> _Exercise goal_
Look through the material below and copy exactly the lines from the line with "Lottopiu – Agosto 2025" to the line with "魔兽世界正式服和私服该怎么选?十年老玩家亲测避坑指南 魔", those two lines included.
»»
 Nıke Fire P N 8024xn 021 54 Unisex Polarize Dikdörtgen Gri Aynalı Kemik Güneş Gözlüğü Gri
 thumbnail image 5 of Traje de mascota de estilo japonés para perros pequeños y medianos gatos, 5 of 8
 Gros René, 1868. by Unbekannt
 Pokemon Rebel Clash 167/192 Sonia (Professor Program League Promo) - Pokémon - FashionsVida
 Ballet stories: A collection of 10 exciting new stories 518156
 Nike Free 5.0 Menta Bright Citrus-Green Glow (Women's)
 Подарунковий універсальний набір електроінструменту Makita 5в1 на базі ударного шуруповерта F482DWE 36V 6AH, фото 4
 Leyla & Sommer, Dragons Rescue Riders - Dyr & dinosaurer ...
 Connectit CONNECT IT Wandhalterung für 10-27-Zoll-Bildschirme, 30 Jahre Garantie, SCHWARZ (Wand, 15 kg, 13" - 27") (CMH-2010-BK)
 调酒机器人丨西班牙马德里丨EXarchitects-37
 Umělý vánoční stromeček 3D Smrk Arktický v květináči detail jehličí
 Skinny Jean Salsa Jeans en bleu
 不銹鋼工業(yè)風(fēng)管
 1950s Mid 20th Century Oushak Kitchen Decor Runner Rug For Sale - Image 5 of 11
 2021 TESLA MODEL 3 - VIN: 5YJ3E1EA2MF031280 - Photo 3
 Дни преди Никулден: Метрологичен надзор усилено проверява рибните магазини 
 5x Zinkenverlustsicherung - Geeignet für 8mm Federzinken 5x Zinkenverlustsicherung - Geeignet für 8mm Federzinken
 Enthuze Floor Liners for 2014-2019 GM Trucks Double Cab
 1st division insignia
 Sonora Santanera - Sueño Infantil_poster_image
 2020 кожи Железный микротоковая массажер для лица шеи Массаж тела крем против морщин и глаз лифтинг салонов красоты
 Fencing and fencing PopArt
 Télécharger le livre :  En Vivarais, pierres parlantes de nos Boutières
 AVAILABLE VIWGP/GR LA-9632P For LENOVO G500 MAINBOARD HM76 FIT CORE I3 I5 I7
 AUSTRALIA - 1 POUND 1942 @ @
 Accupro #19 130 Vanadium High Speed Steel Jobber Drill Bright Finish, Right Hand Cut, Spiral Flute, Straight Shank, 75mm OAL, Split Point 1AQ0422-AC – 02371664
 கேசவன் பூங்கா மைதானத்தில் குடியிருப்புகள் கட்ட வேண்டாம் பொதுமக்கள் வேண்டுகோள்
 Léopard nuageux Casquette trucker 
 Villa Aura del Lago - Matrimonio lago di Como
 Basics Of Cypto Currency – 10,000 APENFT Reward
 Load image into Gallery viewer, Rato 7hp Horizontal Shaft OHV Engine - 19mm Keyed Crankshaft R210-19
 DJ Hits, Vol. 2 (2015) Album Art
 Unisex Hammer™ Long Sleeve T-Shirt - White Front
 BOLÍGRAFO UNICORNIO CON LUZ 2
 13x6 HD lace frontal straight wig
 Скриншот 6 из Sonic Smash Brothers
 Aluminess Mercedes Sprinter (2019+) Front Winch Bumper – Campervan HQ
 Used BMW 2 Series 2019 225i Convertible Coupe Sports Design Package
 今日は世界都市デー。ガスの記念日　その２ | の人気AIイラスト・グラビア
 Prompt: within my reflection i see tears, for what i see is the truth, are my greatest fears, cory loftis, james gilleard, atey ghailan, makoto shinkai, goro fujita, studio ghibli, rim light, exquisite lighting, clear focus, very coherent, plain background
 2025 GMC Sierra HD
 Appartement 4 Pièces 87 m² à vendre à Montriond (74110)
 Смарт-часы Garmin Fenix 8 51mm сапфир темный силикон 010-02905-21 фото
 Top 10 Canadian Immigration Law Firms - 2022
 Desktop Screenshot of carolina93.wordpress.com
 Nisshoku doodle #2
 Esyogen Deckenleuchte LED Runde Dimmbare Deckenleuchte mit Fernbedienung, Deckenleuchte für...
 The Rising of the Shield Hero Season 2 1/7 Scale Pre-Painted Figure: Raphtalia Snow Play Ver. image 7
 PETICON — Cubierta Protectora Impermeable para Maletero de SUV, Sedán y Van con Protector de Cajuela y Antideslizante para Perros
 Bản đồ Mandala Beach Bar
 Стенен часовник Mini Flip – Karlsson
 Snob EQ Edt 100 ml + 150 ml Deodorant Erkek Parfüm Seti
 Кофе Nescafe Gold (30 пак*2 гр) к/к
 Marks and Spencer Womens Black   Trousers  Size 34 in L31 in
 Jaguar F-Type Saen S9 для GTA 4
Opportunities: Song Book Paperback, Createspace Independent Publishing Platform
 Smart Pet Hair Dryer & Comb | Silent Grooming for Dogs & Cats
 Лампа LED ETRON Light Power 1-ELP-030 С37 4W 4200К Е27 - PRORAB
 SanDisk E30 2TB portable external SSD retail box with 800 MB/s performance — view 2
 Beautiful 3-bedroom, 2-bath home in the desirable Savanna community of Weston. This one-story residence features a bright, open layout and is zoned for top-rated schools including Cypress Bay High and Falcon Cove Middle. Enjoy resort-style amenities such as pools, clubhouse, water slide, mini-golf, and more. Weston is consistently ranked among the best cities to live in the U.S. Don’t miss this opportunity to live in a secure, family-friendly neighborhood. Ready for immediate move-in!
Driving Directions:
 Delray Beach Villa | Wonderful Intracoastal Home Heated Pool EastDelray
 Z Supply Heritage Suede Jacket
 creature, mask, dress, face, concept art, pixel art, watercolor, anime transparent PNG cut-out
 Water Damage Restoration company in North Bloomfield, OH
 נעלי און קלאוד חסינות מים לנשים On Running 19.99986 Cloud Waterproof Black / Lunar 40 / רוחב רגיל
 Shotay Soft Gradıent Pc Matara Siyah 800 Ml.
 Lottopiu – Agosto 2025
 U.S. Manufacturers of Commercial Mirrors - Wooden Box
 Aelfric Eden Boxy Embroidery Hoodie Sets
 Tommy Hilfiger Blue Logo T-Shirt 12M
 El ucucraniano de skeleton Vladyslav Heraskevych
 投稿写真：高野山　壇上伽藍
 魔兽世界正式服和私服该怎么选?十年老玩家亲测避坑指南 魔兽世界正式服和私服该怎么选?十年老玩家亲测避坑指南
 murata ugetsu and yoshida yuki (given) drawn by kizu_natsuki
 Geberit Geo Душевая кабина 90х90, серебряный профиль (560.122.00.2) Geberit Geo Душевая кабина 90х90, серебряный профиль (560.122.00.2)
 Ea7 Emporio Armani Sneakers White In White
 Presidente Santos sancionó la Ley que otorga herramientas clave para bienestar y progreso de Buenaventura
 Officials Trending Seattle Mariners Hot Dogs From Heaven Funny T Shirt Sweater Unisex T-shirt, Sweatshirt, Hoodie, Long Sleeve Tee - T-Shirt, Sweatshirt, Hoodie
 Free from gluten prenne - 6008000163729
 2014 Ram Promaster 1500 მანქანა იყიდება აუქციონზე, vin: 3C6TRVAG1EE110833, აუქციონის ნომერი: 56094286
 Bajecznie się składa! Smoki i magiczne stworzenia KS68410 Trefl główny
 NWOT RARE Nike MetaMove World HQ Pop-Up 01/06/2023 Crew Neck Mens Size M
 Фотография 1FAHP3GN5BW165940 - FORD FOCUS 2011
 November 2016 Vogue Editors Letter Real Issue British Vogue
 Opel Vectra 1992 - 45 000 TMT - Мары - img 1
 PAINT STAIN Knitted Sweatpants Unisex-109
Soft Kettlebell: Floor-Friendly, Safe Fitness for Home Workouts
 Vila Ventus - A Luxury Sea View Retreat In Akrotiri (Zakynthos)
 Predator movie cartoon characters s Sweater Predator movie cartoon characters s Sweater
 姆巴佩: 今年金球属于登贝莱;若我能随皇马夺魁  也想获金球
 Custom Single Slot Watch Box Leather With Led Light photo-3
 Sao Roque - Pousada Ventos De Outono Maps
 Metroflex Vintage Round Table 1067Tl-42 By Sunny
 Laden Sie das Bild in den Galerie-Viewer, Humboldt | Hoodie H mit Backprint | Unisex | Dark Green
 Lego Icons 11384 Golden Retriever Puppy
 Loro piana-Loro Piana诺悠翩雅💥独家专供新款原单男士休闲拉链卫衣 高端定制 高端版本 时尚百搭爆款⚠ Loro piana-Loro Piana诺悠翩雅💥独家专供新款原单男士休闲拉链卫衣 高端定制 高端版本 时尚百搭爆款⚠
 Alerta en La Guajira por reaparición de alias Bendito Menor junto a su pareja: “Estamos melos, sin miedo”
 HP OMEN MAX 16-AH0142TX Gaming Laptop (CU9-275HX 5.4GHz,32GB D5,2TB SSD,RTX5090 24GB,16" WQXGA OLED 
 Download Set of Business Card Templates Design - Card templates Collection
««
> _Expected answer_
 Lottopiu – Agosto 2025
 U.S. Manufacturers of Commercial Mirrors - Wooden Box
 Aelfric Eden Boxy Embroidery Hoodie Sets
 Tommy Hilfiger Blue Logo T-Shirt 12M
 El ucucraniano de skeleton Vladyslav Heraskevych
 投稿写真：高野山　壇上伽藍
 魔兽世界正式服和私服该怎么选?十年老玩家亲测避坑指南 魔兽世界正式服和私服该怎么选?十年老玩家亲测避坑指南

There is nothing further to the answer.